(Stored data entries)
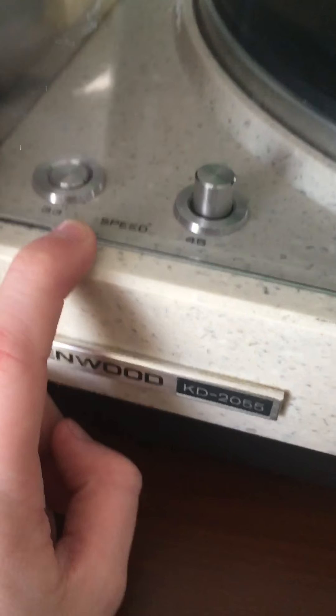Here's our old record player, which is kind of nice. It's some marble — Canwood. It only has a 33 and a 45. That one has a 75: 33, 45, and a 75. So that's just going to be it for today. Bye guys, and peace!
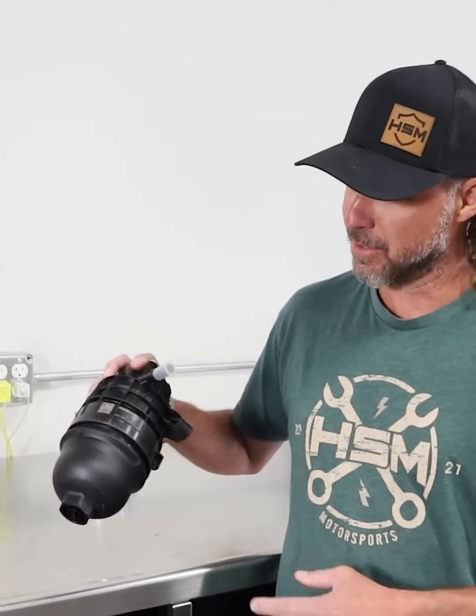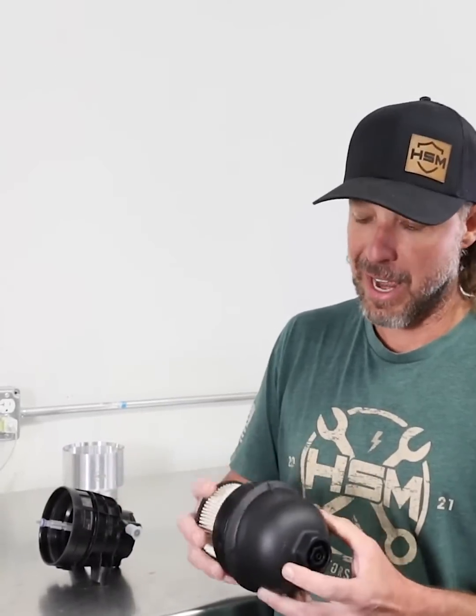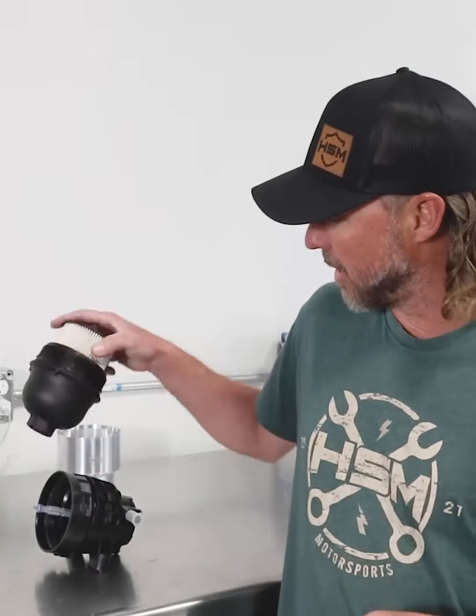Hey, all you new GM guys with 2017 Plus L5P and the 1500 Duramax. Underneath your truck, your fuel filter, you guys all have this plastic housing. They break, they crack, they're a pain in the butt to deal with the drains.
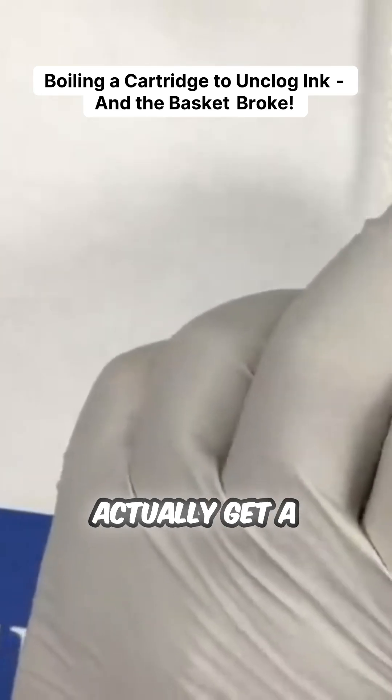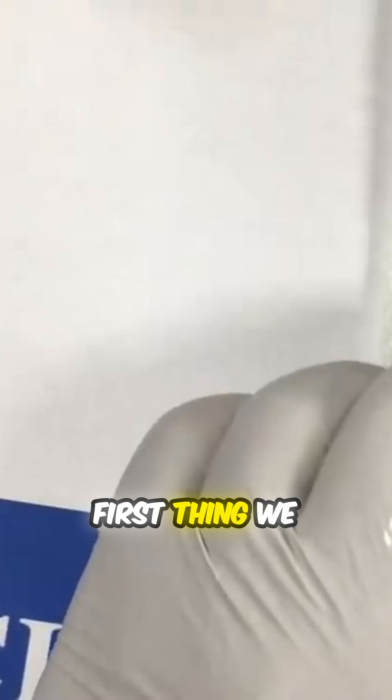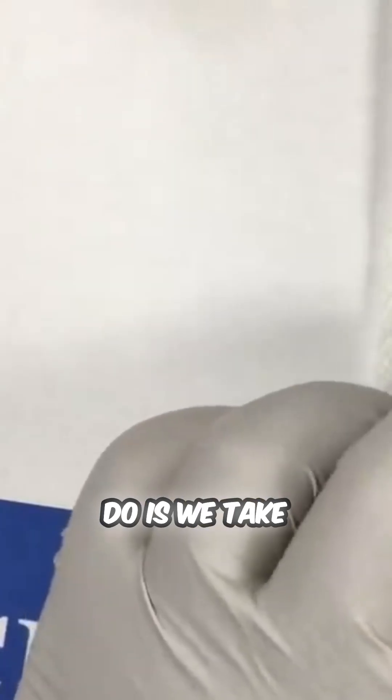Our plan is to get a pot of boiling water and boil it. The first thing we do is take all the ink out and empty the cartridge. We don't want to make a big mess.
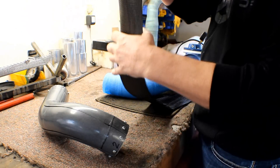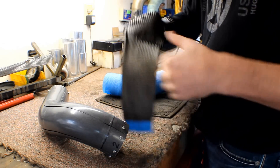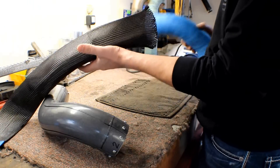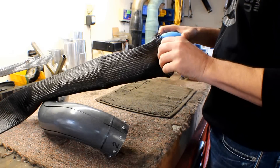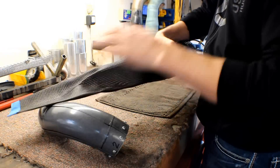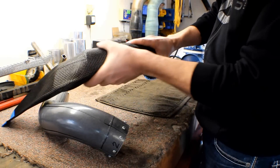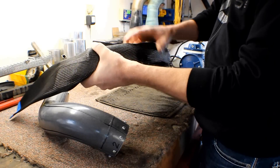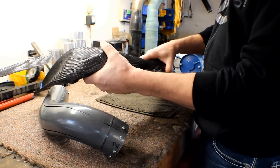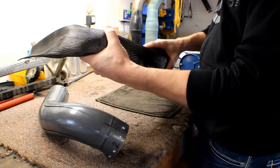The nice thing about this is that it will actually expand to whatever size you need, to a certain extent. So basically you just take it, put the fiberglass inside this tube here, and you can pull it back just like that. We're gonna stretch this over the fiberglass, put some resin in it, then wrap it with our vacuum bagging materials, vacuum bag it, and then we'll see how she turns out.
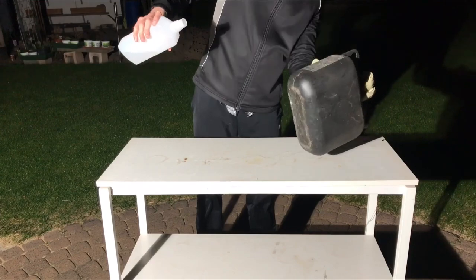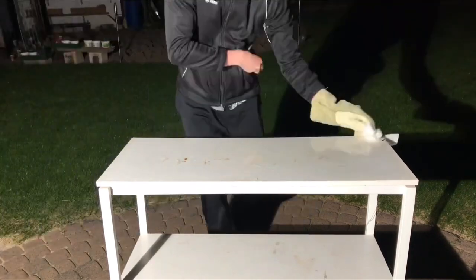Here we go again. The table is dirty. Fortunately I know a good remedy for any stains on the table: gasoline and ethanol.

**Your objective:**
Please give again the entries word for word, starting at the first line and ending with the line that contains "The nice thing"; include both of those lines but none of the pictures.

**Answer box:**
Here's our old record player, which is kind of nice. It's some marble — Canwood. It only has a 33 and a 45. That one has a 75: 33, 45, and a 75. So that's just going to be it for today. Bye guys, and peace!
Hey, all you new GM guys with 2017 Plus L5P and the 1500 Duramax. Underneath your truck, your fuel filter, you guys all have this plastic housing. They break, they crack, they're a pain in the butt to deal with the drains.
Our plan is to get a pot of boiling water and boil it. The first thing we do is take all the ink out and empty the cartridge. We don't want to make a big mess.
The nice thing about this is that it will actually expand to whatever size you need, to a certain extent. So basically you just take it, put the fiberglass inside this tube here, and you can pull it back just like that. We're gonna stretch this over the fiberglass, put some resin in it, then wrap it with our vacuum bagging materials, vacuum bag it, and then we'll see how she turns out.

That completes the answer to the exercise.